Pictures aside, return all of the records exactly as they stand.
BEGIN Material for the task
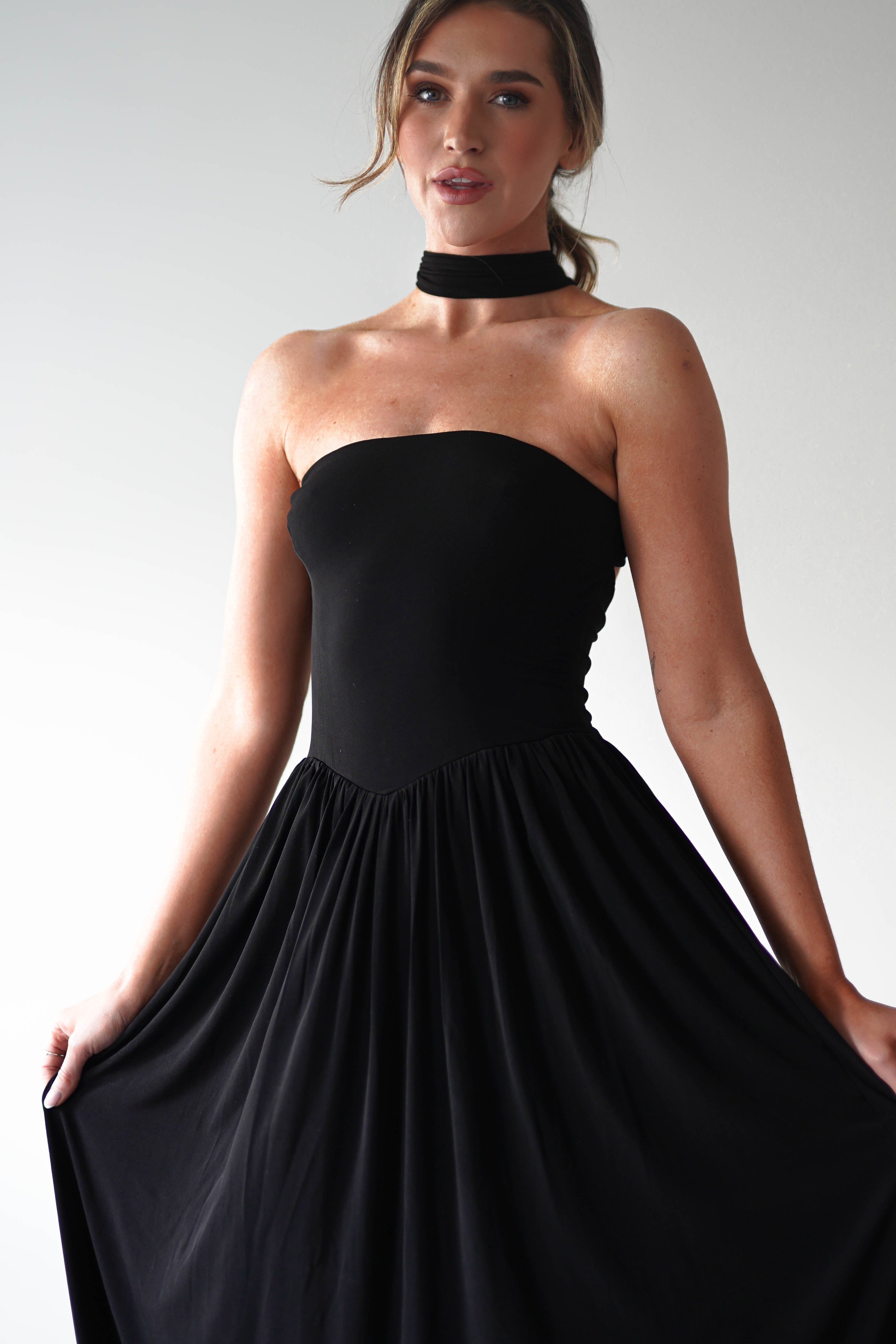 Portugal Midaxi Dress | Black | Oh Hello Clothing | XS (6)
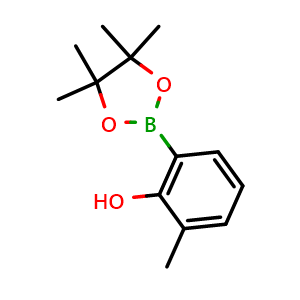 Chemical structure of 2-methyl-6-(4,4,5,5-tetramethyl-1,3,2-dioxaborolan-2-yl)phenol , CAS 2095797-27-4, AChemBlock N24520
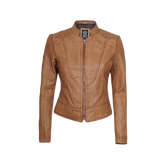 Women's Camel Brown Cafe Racer Leather Jacket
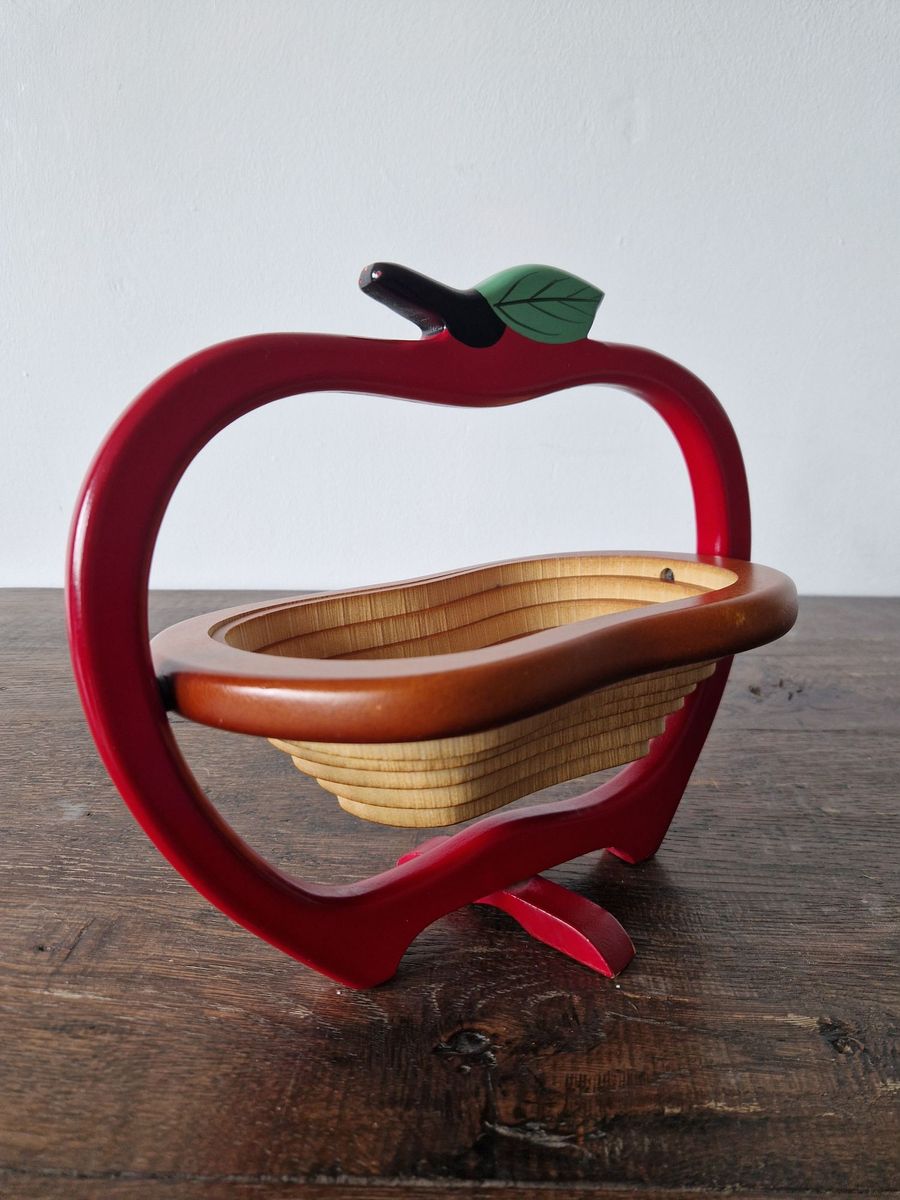 Vintage Houten Schaal Appel Vorm image 2
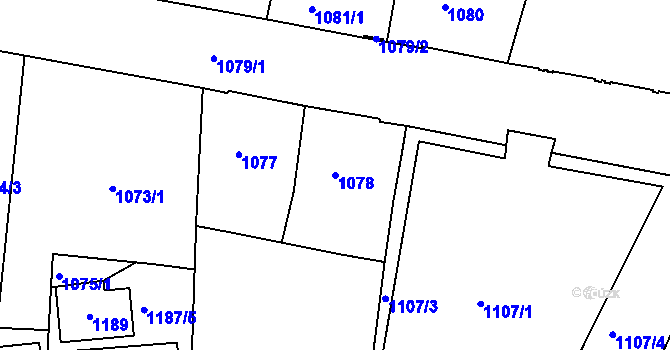 Parcela st. 1078 v KÚ Trnitá, Katastrální mapa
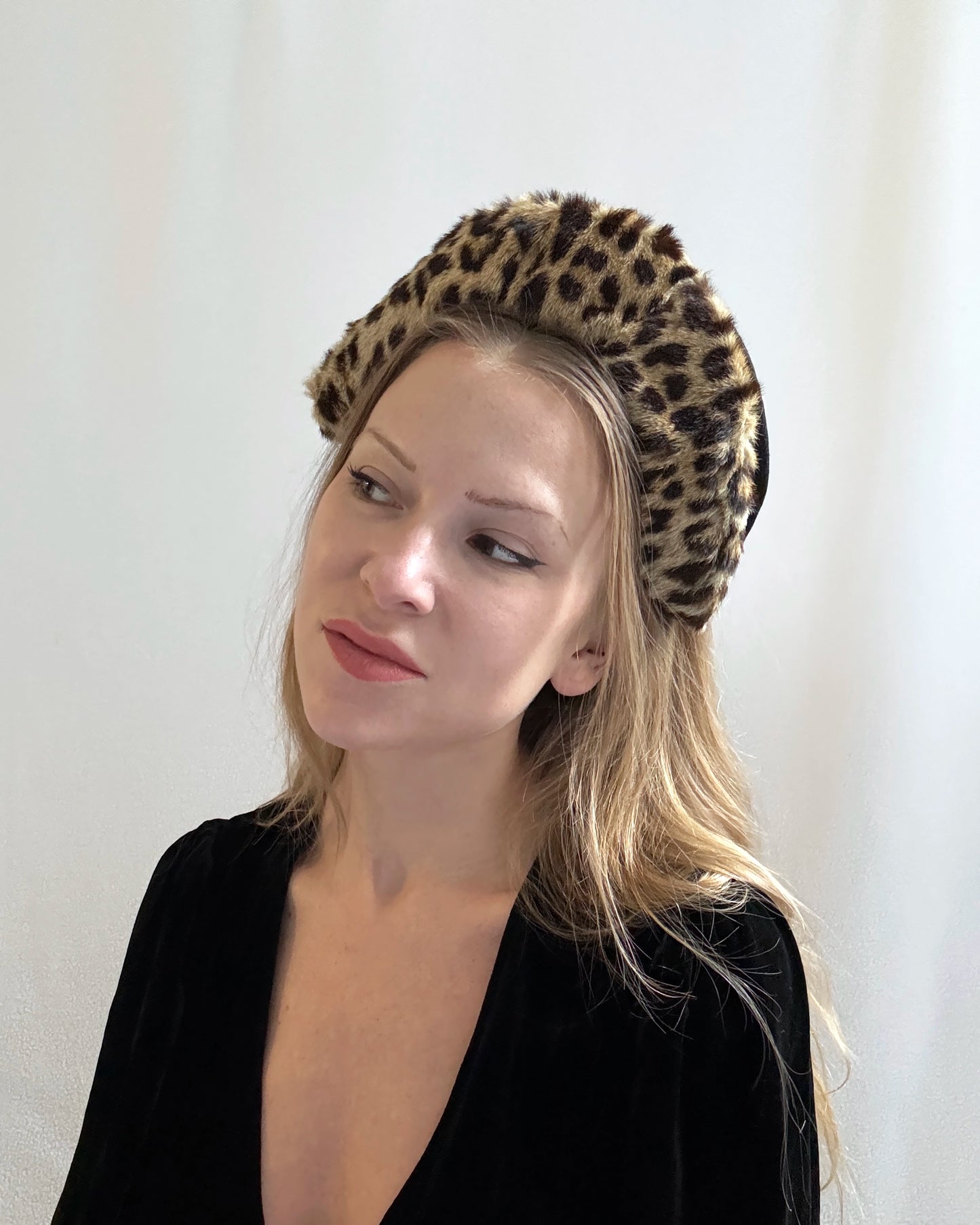 Vintage 1940s Leopard Print Headband Hat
END Material for the task
__Result for this exercise__
 Portugal Midaxi Dress | Black | Oh Hello Clothing | XS (6)
 Chemical structure of 2-methyl-6-(4,4,5,5-tetramethyl-1,3,2-dioxaborolan-2-yl)phenol , CAS 2095797-27-4, AChemBlock N24520
 Women's Camel Brown Cafe Racer Leather Jacket
 Vintage Houten Schaal Appel Vorm image 2
 Parcela st. 1078 v KÚ Trnitá, Katastrální mapa
 Vintage 1940s Leopard Print Headband Hat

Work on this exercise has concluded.